● **Exercise prompt**
Print, exactly and with no pictures, the line containing "1FM5K8GT5GGC97360 2016 FORD" and each line after it to the end of the entries below.

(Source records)
══════════════════════════════
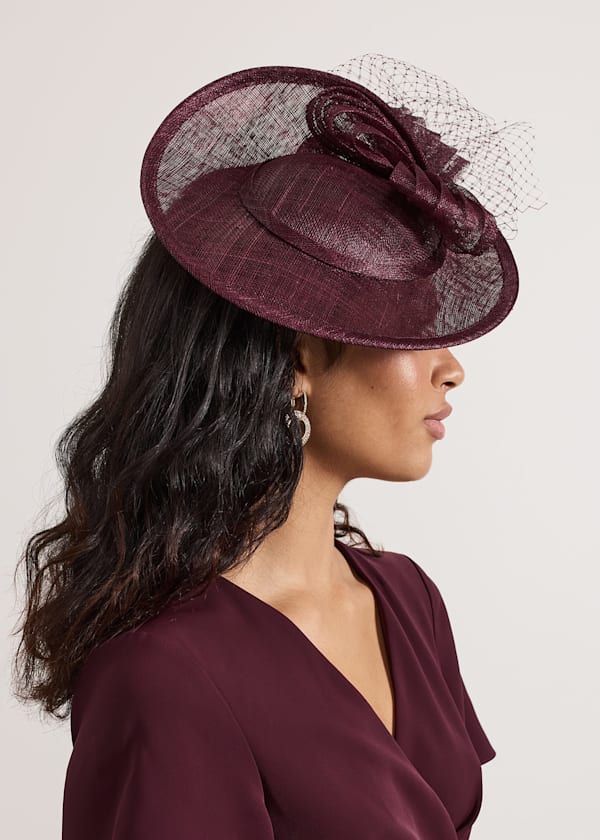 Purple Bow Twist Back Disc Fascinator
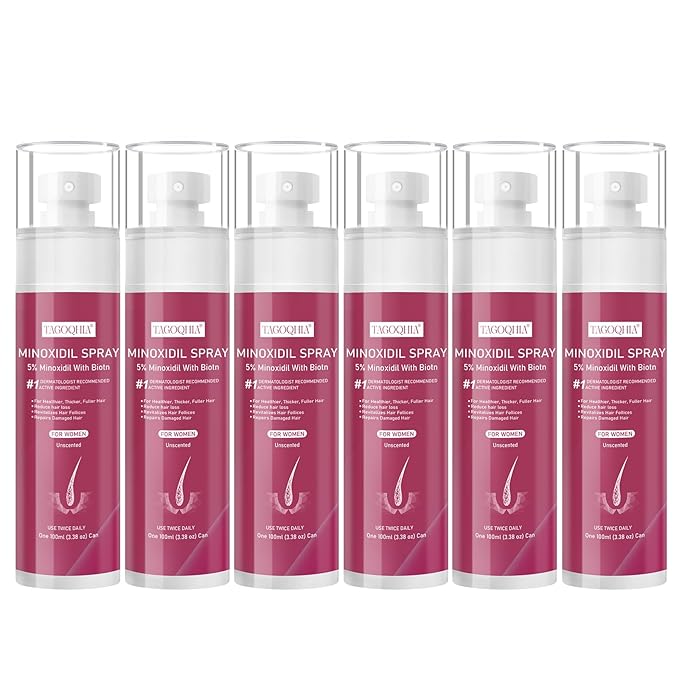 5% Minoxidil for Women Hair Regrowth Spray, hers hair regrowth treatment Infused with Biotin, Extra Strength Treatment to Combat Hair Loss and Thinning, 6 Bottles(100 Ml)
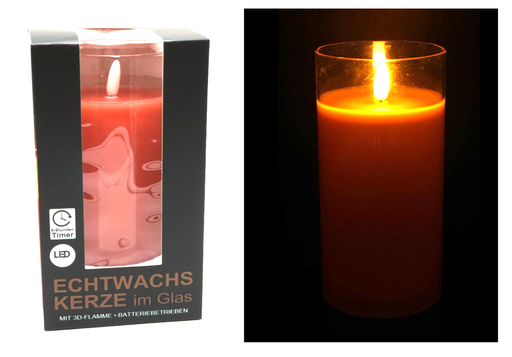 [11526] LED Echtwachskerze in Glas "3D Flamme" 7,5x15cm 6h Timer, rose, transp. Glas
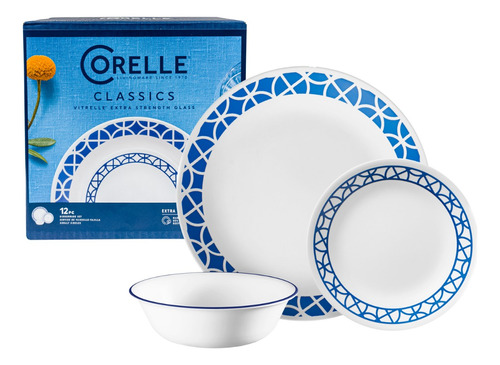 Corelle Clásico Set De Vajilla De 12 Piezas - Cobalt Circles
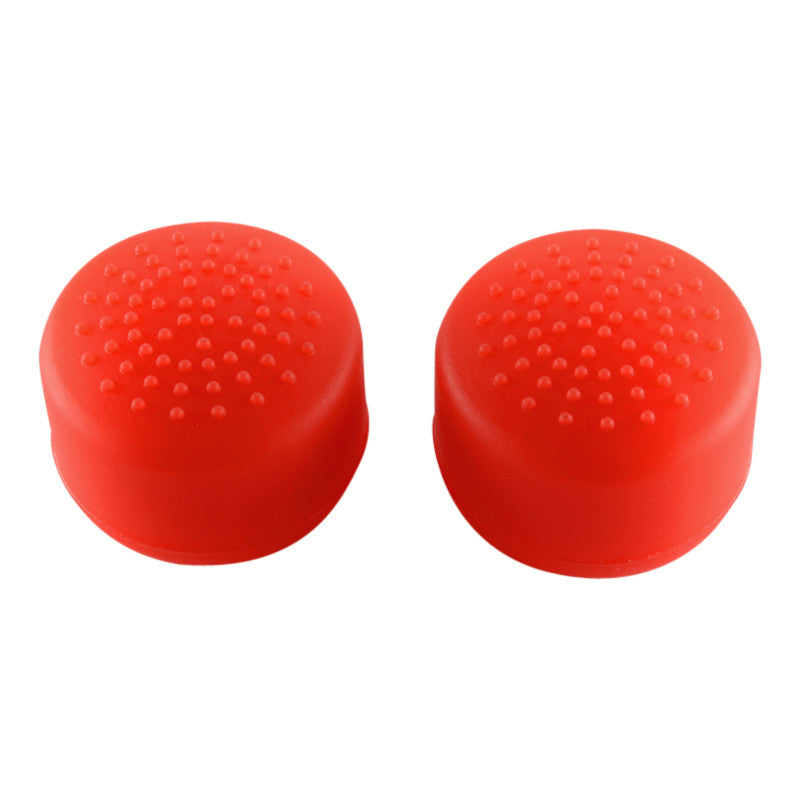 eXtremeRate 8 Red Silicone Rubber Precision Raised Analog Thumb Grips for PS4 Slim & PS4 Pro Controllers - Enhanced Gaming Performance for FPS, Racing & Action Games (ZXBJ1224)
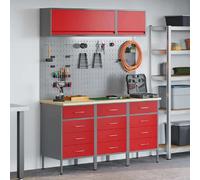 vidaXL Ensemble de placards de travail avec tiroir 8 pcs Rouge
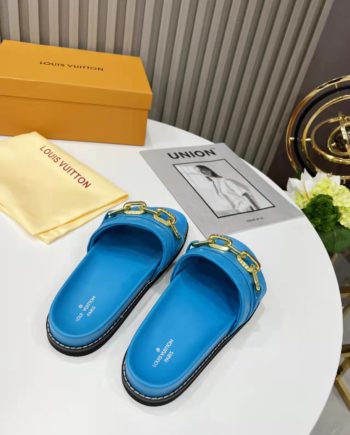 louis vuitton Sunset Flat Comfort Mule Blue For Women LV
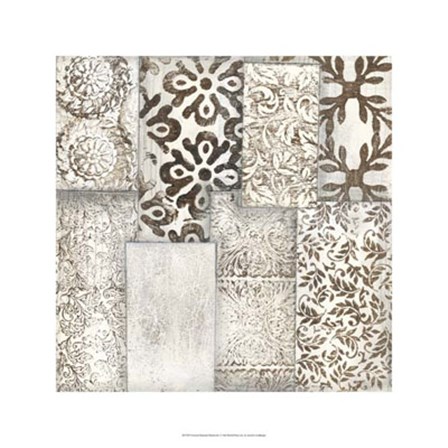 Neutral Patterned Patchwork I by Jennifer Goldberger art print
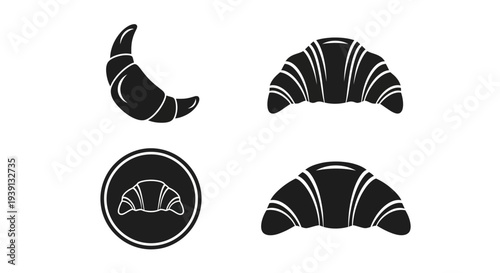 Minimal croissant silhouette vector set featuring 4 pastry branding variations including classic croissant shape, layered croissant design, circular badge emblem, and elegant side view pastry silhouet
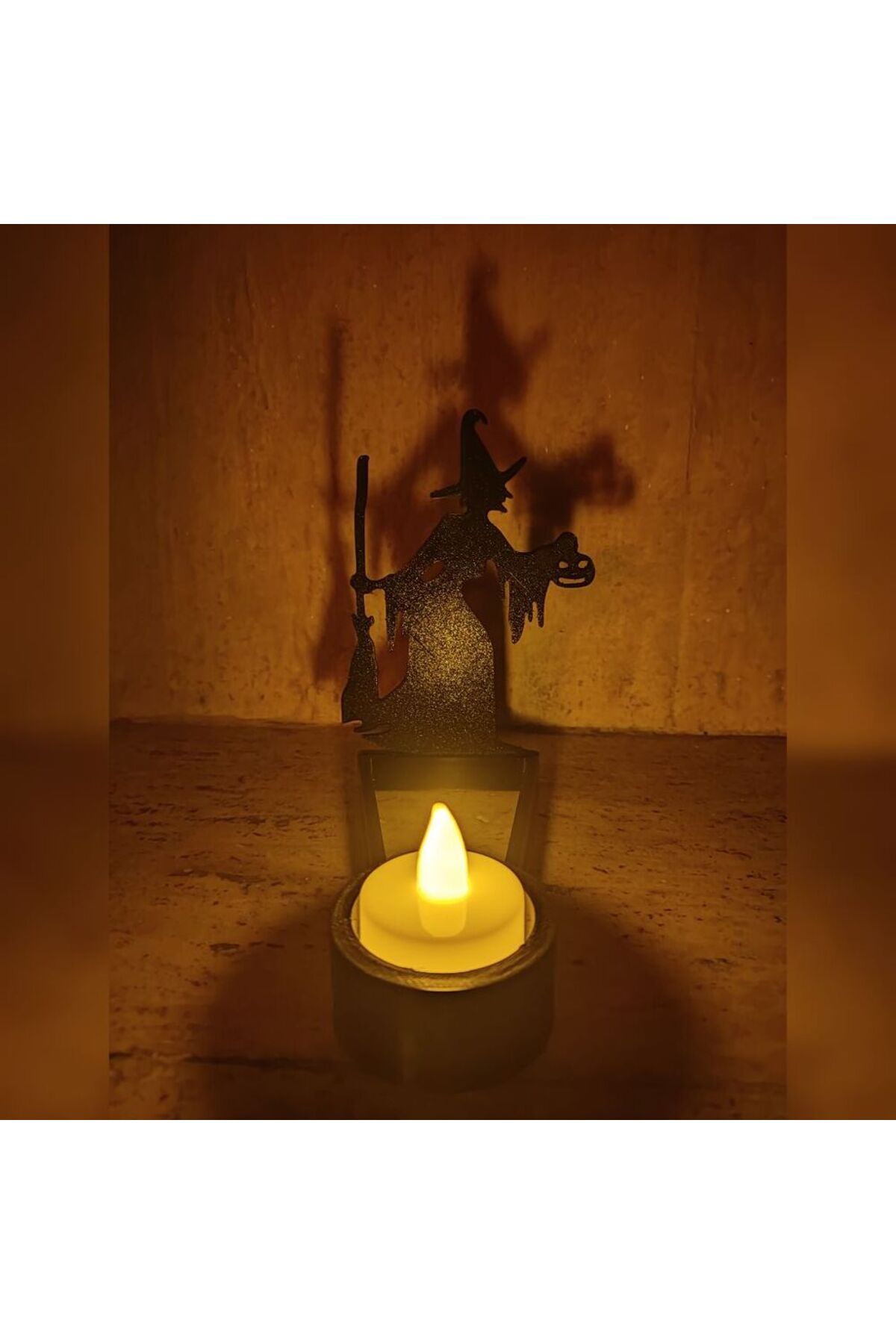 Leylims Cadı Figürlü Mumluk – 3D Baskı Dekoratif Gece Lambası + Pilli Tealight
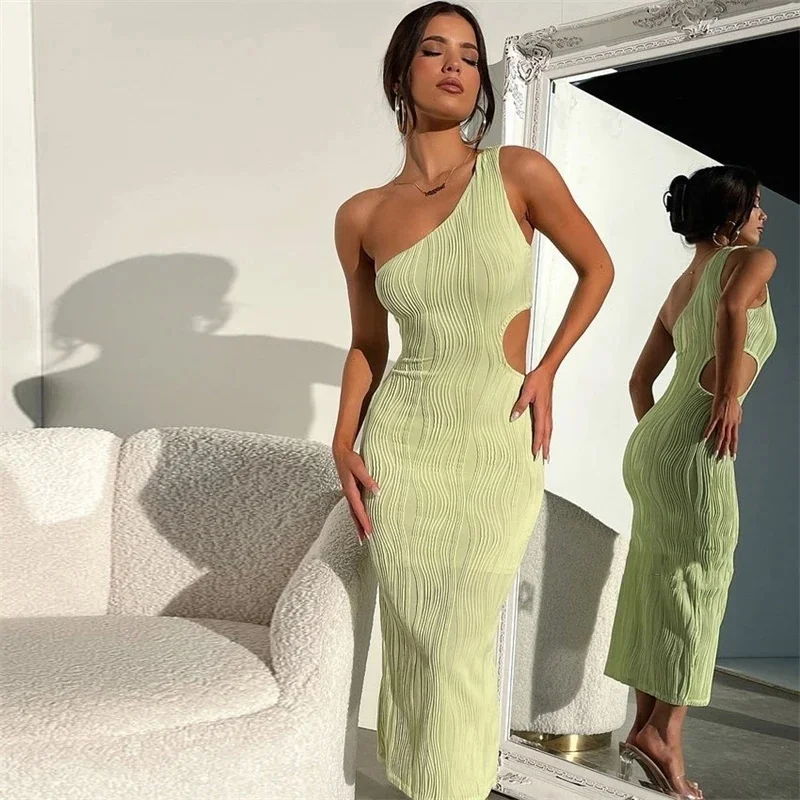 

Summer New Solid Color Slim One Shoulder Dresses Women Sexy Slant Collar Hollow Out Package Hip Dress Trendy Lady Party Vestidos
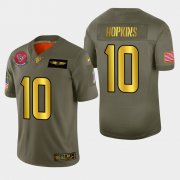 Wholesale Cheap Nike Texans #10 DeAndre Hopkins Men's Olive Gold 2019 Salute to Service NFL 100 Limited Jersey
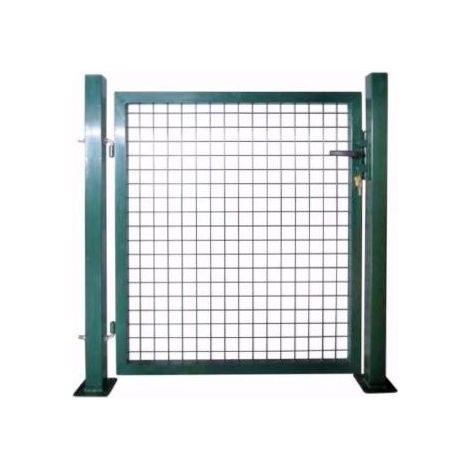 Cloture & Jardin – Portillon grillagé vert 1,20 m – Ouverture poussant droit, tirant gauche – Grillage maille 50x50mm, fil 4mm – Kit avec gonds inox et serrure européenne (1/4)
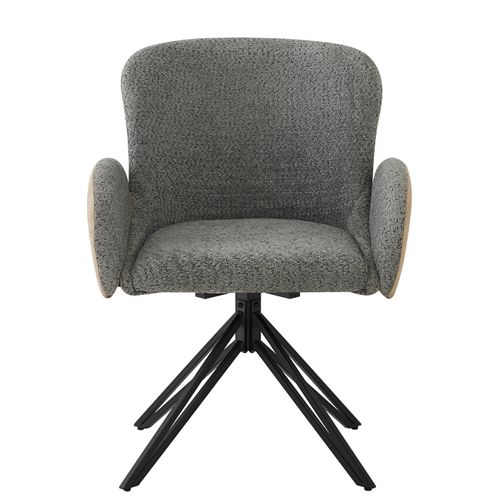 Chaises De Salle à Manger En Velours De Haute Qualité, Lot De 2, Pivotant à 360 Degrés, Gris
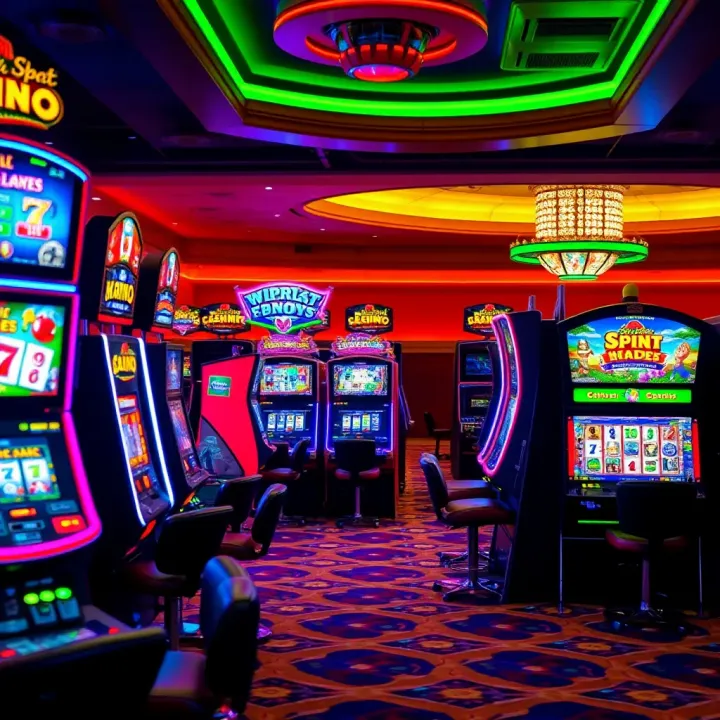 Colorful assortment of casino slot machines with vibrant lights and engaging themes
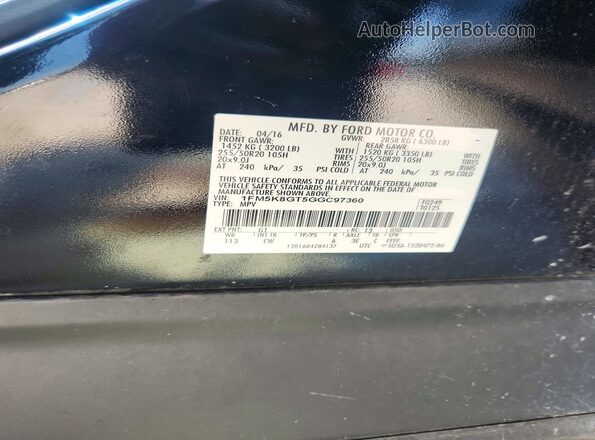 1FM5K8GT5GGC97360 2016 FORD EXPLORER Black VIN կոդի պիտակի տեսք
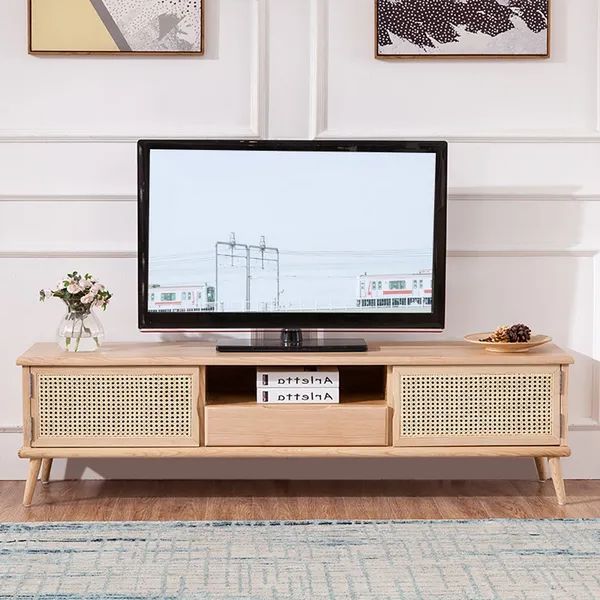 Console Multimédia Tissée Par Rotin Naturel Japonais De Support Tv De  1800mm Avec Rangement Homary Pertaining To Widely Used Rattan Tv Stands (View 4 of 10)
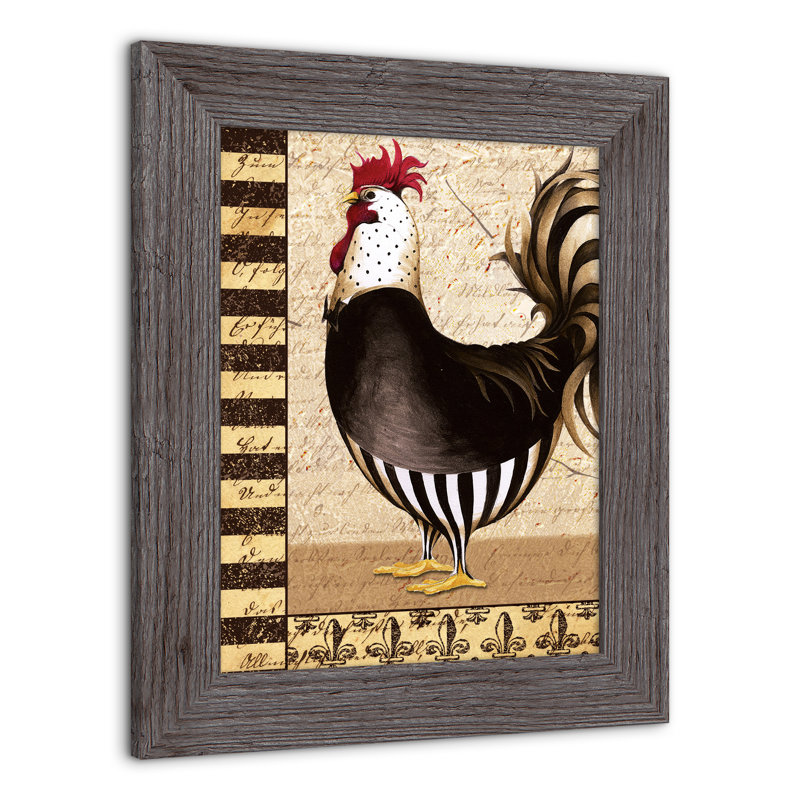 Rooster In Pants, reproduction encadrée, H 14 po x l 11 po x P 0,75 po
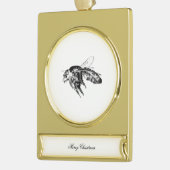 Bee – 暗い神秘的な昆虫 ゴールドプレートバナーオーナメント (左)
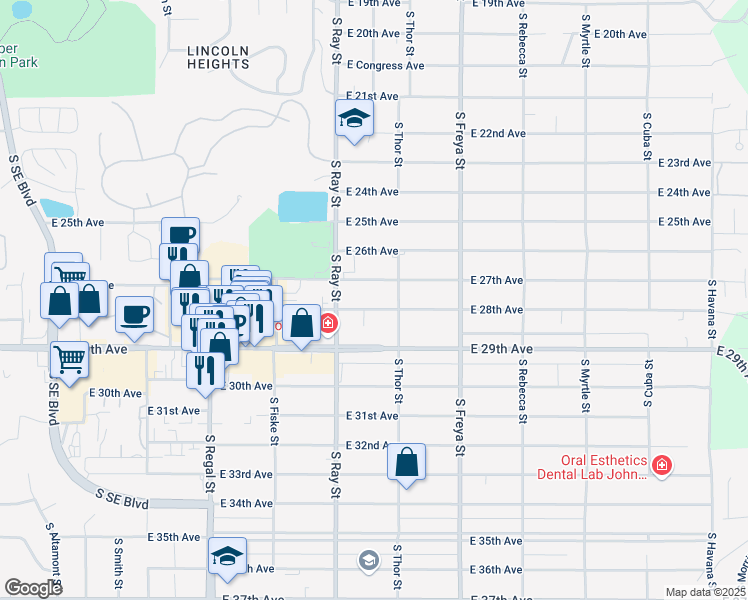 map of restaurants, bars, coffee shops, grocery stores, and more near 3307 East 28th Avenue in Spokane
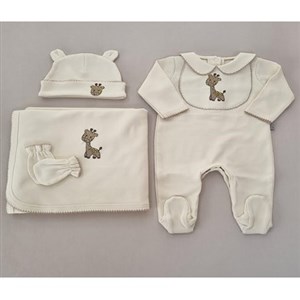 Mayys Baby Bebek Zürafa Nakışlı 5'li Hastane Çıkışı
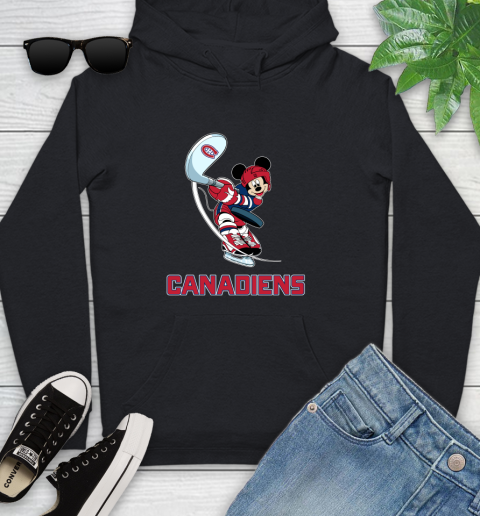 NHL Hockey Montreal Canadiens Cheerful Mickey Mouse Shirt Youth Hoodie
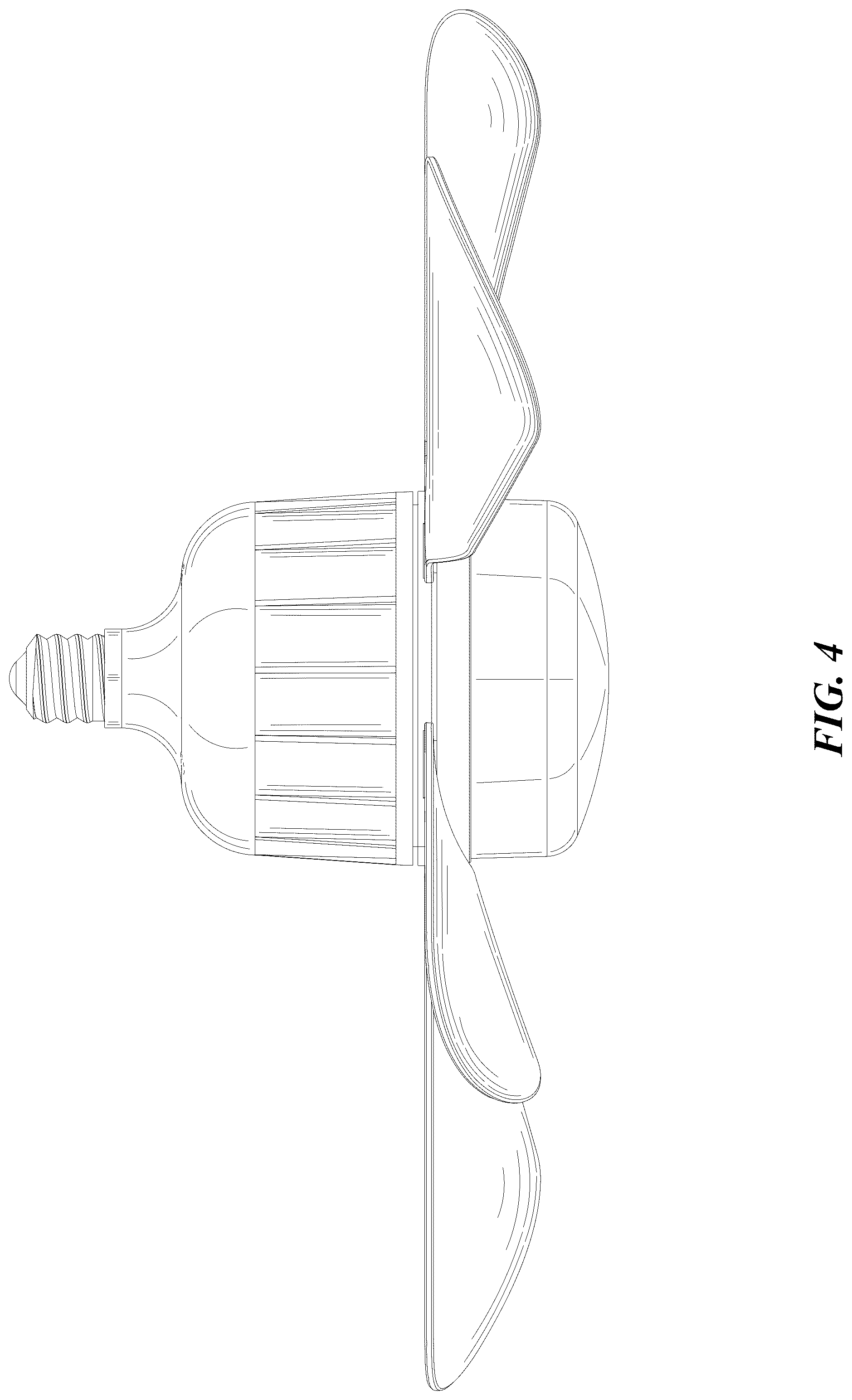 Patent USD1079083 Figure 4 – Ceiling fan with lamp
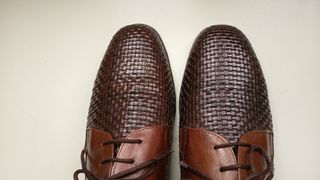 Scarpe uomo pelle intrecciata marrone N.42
══════════════════════════════
● **Output for this task**
 1FM5K8GT5GGC97360 2016 FORD EXPLORER Black VIN կոդի պիտակի տեսք
 Console Multimédia Tissée Par Rotin Naturel Japonais De Support Tv De  1800mm Avec Rangement Homary Pertaining To Widely Used Rattan Tv Stands (View 4 of 10)
 Rooster In Pants, reproduction encadrée, H 14 po x l 11 po x P 0,75 po
 Bee – 暗い神秘的な昆虫 ゴールドプレートバナーオーナメント (左)
 map of restaurants, bars, coffee shops, grocery stores, and more near 3307 East 28th Avenue in Spokane
 Mayys Baby Bebek Zürafa Nakışlı 5'li Hastane Çıkışı
 NHL Hockey Montreal Canadiens Cheerful Mickey Mouse Shirt Youth Hoodie
 Patent USD1079083 Figure 4 – Ceiling fan with lamp
 Scarpe uomo pelle intrecciata marrone N.42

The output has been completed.